37.3.1 Important: Constraints and Interconnections:

  • d_model and nhead:
    • As mentioned, d_model must be divisible by nhead. This is critical because each attention head operates simultaneously on a part of the embedding, so d_model/nhead should be an integer.
  • num_encoder_layers and dim_feedforward**:
    • These parameters are more flexible and can be chosen independently of d_model and nhead.
    • However, the choice of dim_feedforward does influence the computational cost and model capacity, as larger dimensions allow learning more complex representations.
  • One hyperparameter does not strictly need to be a multiple of others except for ensuring d_model % nhead == 0.

37.3.2 Practical Considerations:

  1. Setting d_model:

    • Common choices for d_model are powers of 2 (e.g., 256, 512, 1024).
    • Ensure that it matches the size of the input data after the linear projection layer.
  2. Setting nhead:

    • Typically, values are 1, 2, 4, 8, etc., depending on the d_model value.
    • Each head works on a subset of features, so d_model / nhead should be large enough to be meaningful.
  3. Setting num_encoder_layers:

    • Practical values range from 1 to 12 or more depending on the depth desired.
    • Deeper models can capture more complex patterns but are also more computationally intensive.
  4. Setting dim_feedforward:

    • Often set to a multiple of d_model, such as 2048 when d_model is 512.
    • Ensures sufficient capacity in the intermediate layers for complex feature transformations.
Note: d_model Calculation

Since d_model % nhead == 0 is a critical constraint to ensure that the multi-head attention mechanism can operate effectively, spotpython computes the value of d_model based on the nhead value provided by the user. This ensures that the hyperparameter configuration is valid. So, the final value of d_model is a multiple of nhead. spotpython uses the hyperparameter d_model_mult to determine the multiple of nhead to use for d_model, i.e., d_model = nhead * d_model_mult.
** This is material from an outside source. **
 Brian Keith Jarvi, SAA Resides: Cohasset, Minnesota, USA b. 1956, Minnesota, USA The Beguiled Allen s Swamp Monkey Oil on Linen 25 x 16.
Note: dim_feedforward Calculation

Since this dimension is typically larger than d_model (e.g., 2048 for a Transformer model with d_model=512), spotpython uses the hyperparameter dim_feedforward_mult to determine the multiple of d_model to use for dim_feedforward, i.e., dim_feedforward = d_model * dim_feedforward_mult.

37.4 Summary

This section presented an introduction to the basic setup of hyperparameter tuning of a transformer with spotpython and PyTorch Lightning.